We ordered a side of potato ladorigani (baby Yukon Golds) recommended by the waiter, but they were inundated with a shower of raw onions—not for me.

For dessert, they offered chocolate souffles and yogurt-based puddings, but I think the best test of a Greek restaurant is their baklava. Estia's is elegant and high, with many layers of dough, but lacks the heavy density that you find at the Greek diner on the corner.

The only fault I can find is the pricing. People forget that the surroundings are glorious, the food sublime, the service so discreet that if you leave the table for a moment your napkin is hastily refolded, and the parking discounted next door. They only see that the fish, priced per pound, can yield a tag of $36 for Dover Sole or $45 for langoustines, and that the humble sardine goes for $13 and the even more humble octopus for $17. I don't know if Philadelphians are ready for Greek food—or any food for that matter—at these prices.

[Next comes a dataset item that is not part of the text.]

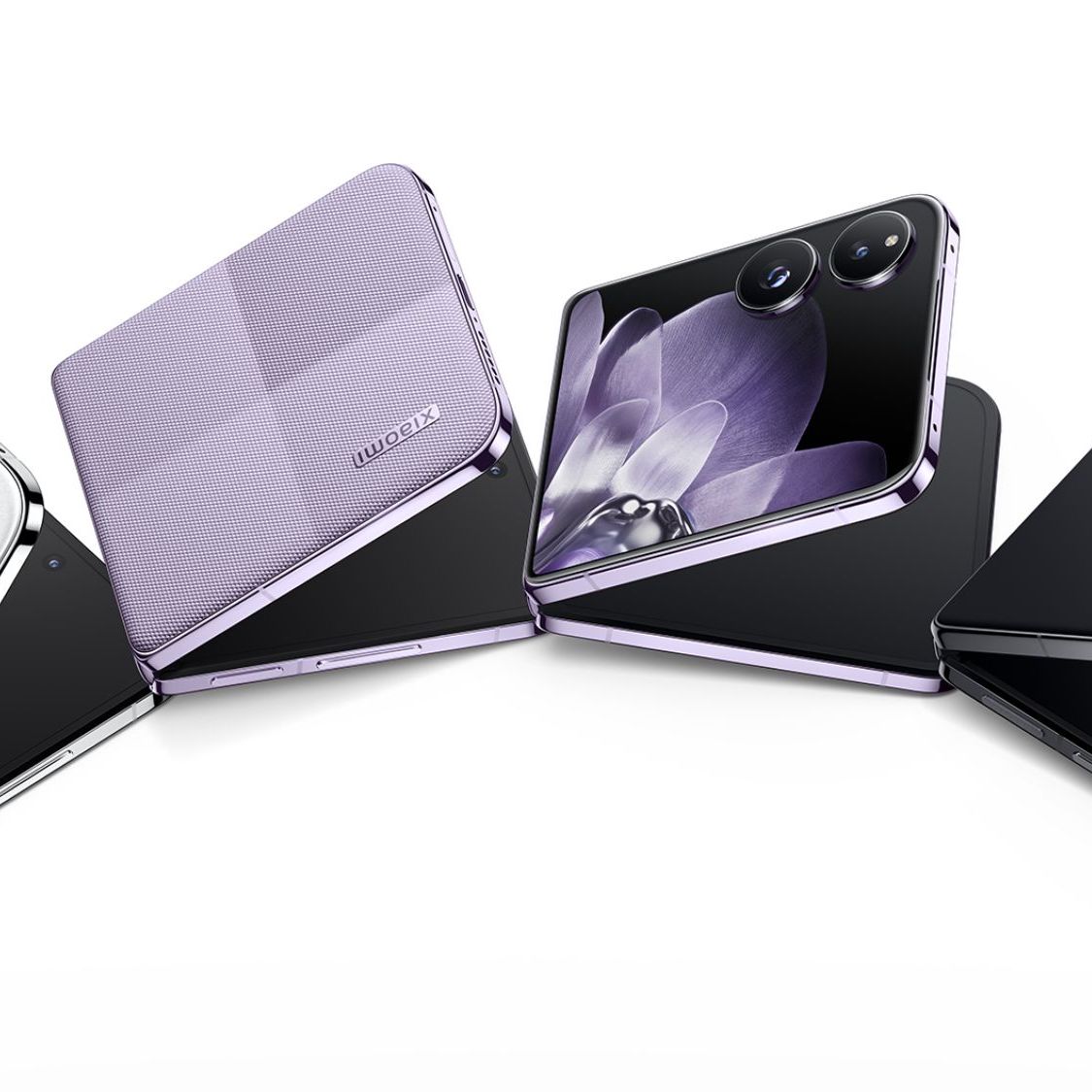 Xiaomi debuts its first clamshell Mix Flip phone next to Mix Fold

The location is convenient for theater or concerts, the atmosphere is so evocative of Greece and the staff are exceedingly professional—but all this may pale beside the right-hand column of the menu. I'm told that the Pashalis family is working on this, and I hope they succeed, because Estia is the best of Greek food in the best surroundings that we've seen yet. Estia is Greek for hearth, and it's a decidedly cozy one to gather round.

Estia 1405 Locust St., 215-735-7700

Hours: Mon.-Thu., 11 a.m.-3 p.m., 5-10 p.m; Fri., 11 a.m.-3 p.m., 5-11 p.m.; Sat., noon-3 p.m., 5-11 p.m.; Sun., noon-3 p.m., 5-10 p.m.; bar open till 2 a.m.

Appetizers, $5-$17; entrees, $20-$40

Wheelchair accessible. Reservations suggested. All major credit cards. No smoking.